Similar to other studies, maternal age, gestational age and ethnicity were associated with PF concentrations in pregnancy(Reference Cheng, Mistry and Wang40, Reference Liu, Gao and Zhang45, Reference Larroque, Kaminski and Lelong56). In contrast, reported multivitamin use was not significantly associated with PF in the multivariable analysis, suggesting no additional benefits conferred from other micronutrients present in the supplement on short-term folate status. Of particular importance, the findings that mean PF differed significantly between ethnic groups (with a significantly lower PF level observed in Pacific participants) warrants further exploration. A higher BMI category was also significantly negatively associated with PF in the present study, in contrast with the findings by Liu et al.(Reference Liu, Gao and Zhang45) and Ma et al.(Reference Ma, Wang and Jin57). This difference is probably due to the use of only two categories of BMI in their analyses (normal BMI v. overweight), whereas the present study also included a third (BMI >30 kg/m2 (obese)) category. Similar to the present study, Cheng et al.(Reference Cheng, Mistry and Wang40) also included a third (obese) category and found a significantly lower mean PF level in the obese group compared with the normal BMI group. Previous studies examining folate levels in women of childbearing age have found lower PF but higher erythrocyte folate levels in the obese women, suggesting that obesity might influence folate metabolism and that ideally both should be measured pre-conception so that personalised advice can be provided(Reference Maffoni, De Giuseppe and Stanford58).

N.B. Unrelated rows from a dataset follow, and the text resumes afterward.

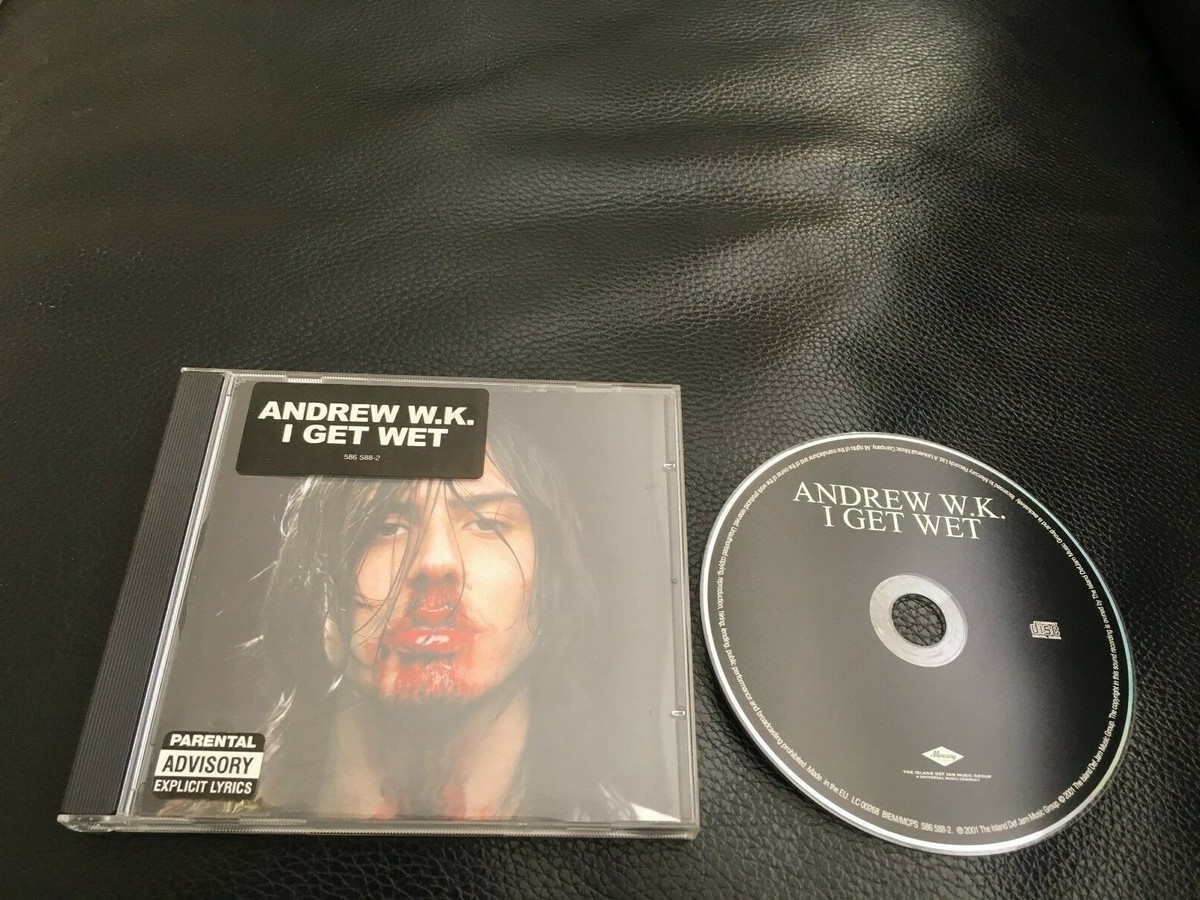 Andrew w.k-I get wet.cd | eBay UK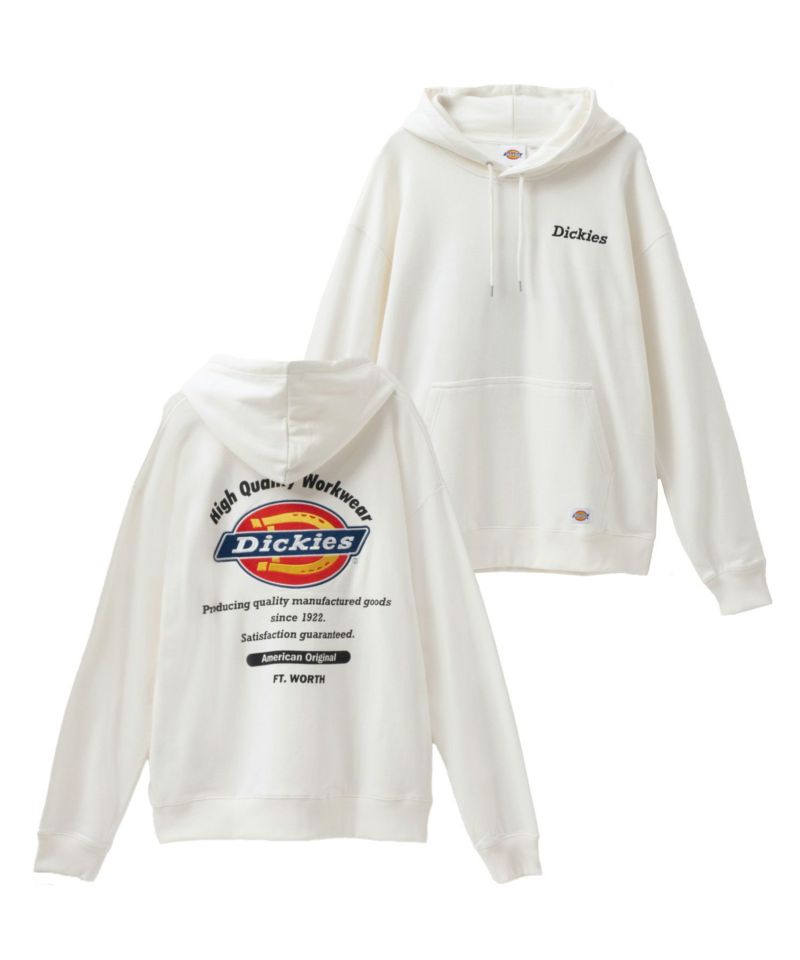 Dickies  裏毛スウェットパーカー メンズ商品画像-2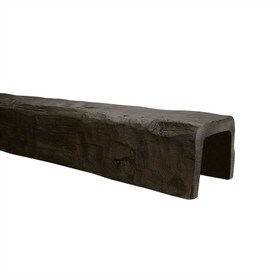 7-1/2in W x 6-5/8in H | Hand Hewn Faux Wood Beam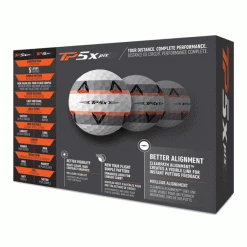TAYLORMADE TP5x PIX 2.0 GOLF BALLS -BALLS Sales Store TP5XPIX21 600x600 1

While the WHO provides a reference range for optimal erythrocyte folate levels (for the prevention of NTD), no optimal PF reference range exists for pregnancy. Therefore, we are unable to comment on the overall sufficiency of folate status in our sample. Future studies examining the folate status of NZ pregnant women and women of childbearing age should investigate erythrocyte folate to provide information on longer term folate status and how levels compare with the WHO recommendation for optimal erythrocyte folate (≥906 nmol/l) for women of childbearing age(59). Likewise, the influence of FA-containing multivitamins v. FA supplements alone on erythrocyte folate status, homocysteine concentrations and pregnancy outcomes in NZ women should be investigated to understand whether micronutrients other than FA provide additional benefits.

Strengths and limitations

SCOPE study provided an opportunity to investigate the association between a range of socio-demographic and lifestyle variables, FA supplementation and PF concentrations in a large sample size of over 1900 pregnant women. Socio-demographic, lifestyle variables and blood samples were collected at 15 weeks’ gestation by trained research midwives, according to the standard operating procedures. FA supplementation was verified directly, including brand names and doses. In addition, multivitamin use was also documented, allowing the capture of all supplemental FA uptake as well as providing an opportunity to investigate the effect of multivitamins on the association between FA supplementation and PF levels.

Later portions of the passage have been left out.